EXERCISE INSTRUCTIONS:
Could you transcribe exactly the lines from the one containing "Faith Encouragement Card" through the end of the listing below, both included, but none of the pictures?

PROVIDED DATA:
>>>

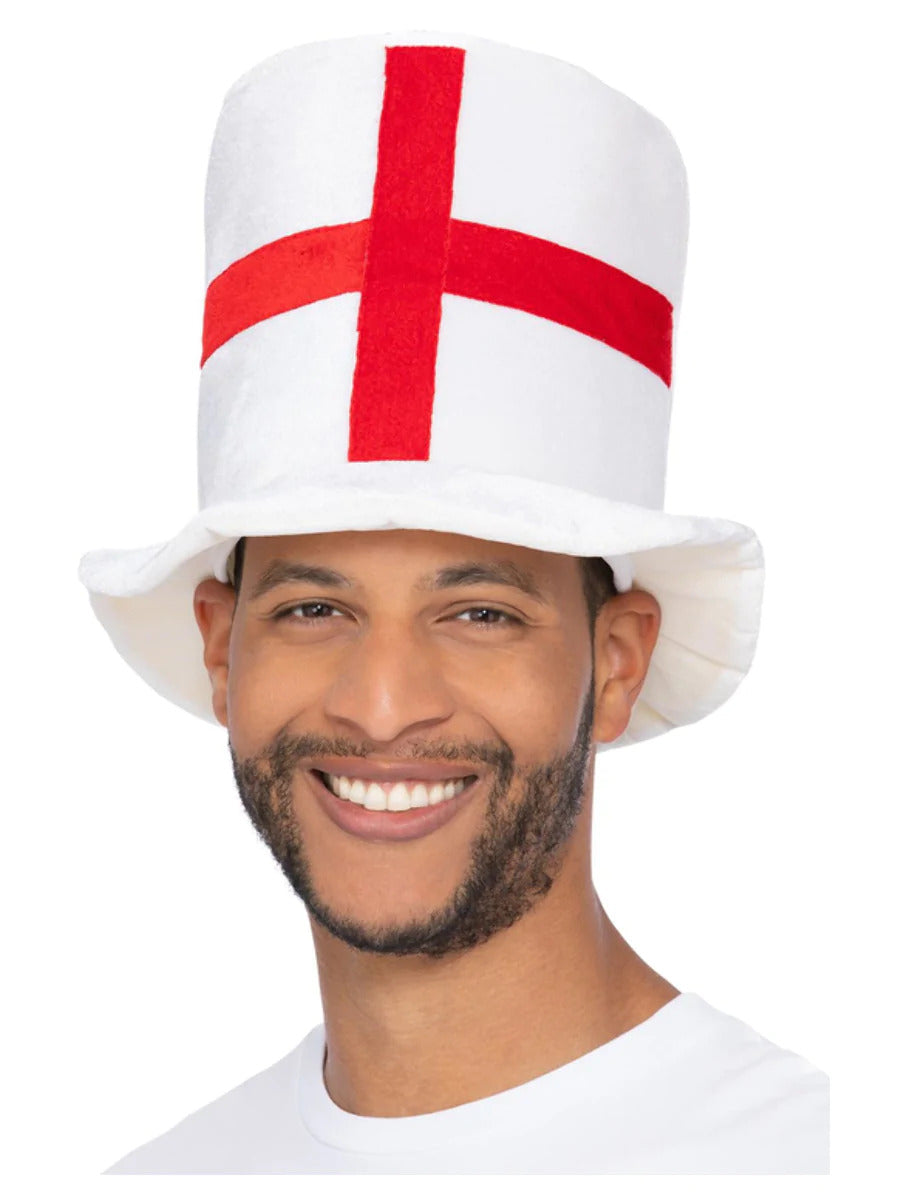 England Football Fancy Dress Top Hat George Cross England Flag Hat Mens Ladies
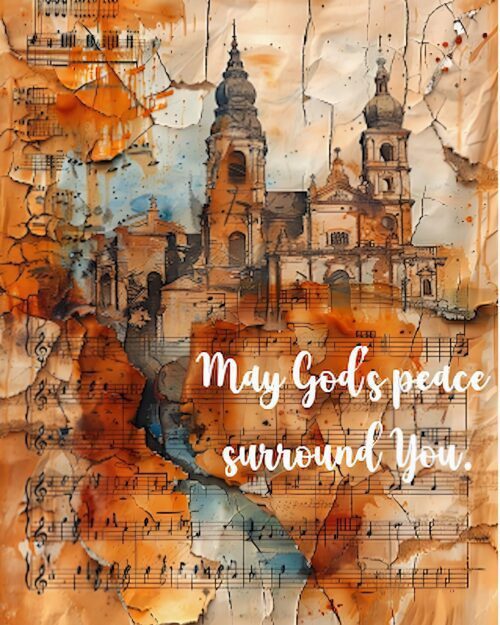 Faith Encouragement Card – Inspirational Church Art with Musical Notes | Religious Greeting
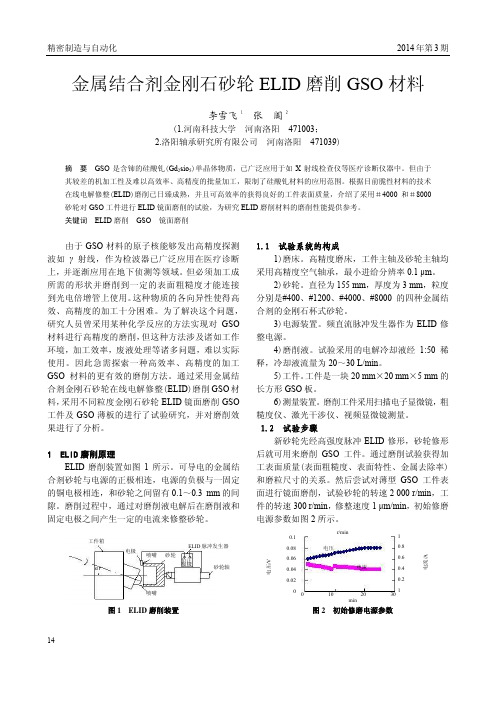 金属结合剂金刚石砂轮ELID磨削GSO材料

<<<

TASK OUTPUT:
 Faith Encouragement Card – Inspirational Church Art with Musical Notes | Religious Greeting
 金属结合剂金刚石砂轮ELID磨削GSO材料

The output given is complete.